Academic journal article
By Hughes, R. Eugene
North American Journal of Psychology , Vol. 13, No. 2
Some form of health insurance is offered to employees by approximately 60% of private organizations. While 59% of private organizations with less than 100 employees offer health insurance, this benefit is offered by 93% of those organizations with 100 or more employees. Approximately 24% of all employers pay the full cost of health insurance and 13% pay for the cost of family coverage (Bureau of Labor Statistics, 2007).
The average total monthly cost of health insurance for the employee is $428 and an average of 81% is paid by the employer. The average total monthly cost for family coverage is $1078 with the employer paying approximately 71% of cost (Bureau of Labor Statistics, 2007).

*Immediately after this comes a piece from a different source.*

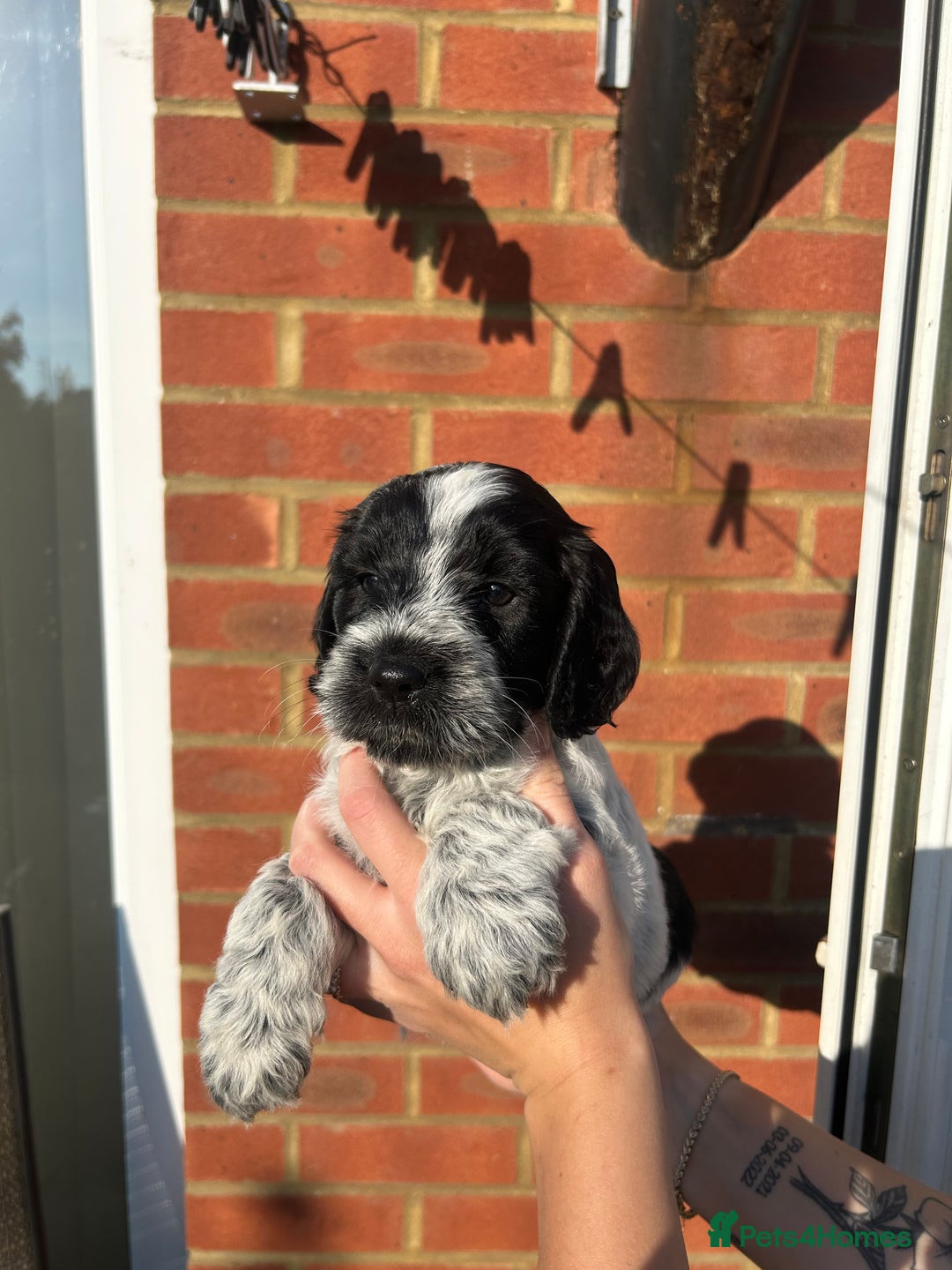 Mixed Breed dogs for sale: Cockerpoo puppies - Image 5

In a survey of 400 firms, it was reported (U. S. Chamber of Commerce, 2008) that the average annual cost of medical insurance for an employee is $5924. This amount represented approximately 14.5% of total payroll cost in 2005 and is an increase from the 11.9% reported in 2004. Based on per hour worked, these data are consistent with governmental data (Bureau of Labor Statistics, 2010) that show an increase of 94% from 1999 to 2009, and an increase in the annual cost of health insurance of 36.8% from 2004 to 2009.
Employers began to observe increased cost associated with providing health insurance beginning in the 1970s and 1980s (Park, 2000). Such increases continue today and it is expected that these costs will continue to increase into the foreseeable future (Covel and Spors, 2008). As employers were negatively impacted by increasing health benefit costs, they identified and explored a number of cost control options. In general, these options can be considered as direct or indirect cost controls. While each option is focused on cost reduction, the process and impact on the employee are different. Consequently, the two general options are briefly discussed below.
Direct Cost Control
Risk management through beneficial selection was a major tool for controlling health care costs prior to the passage and enactment of the Americans with Disabilities Act in 1990. Before ADA, what might be referred to as risk avoidance or reduction was based on pre-employment medical exams, which were, for some organizations, extended to family members. By selecting low risk employees with low risk families, organizations could significantly reduce their exposure to increased health care costs based on employees' and dependents' health care utilization.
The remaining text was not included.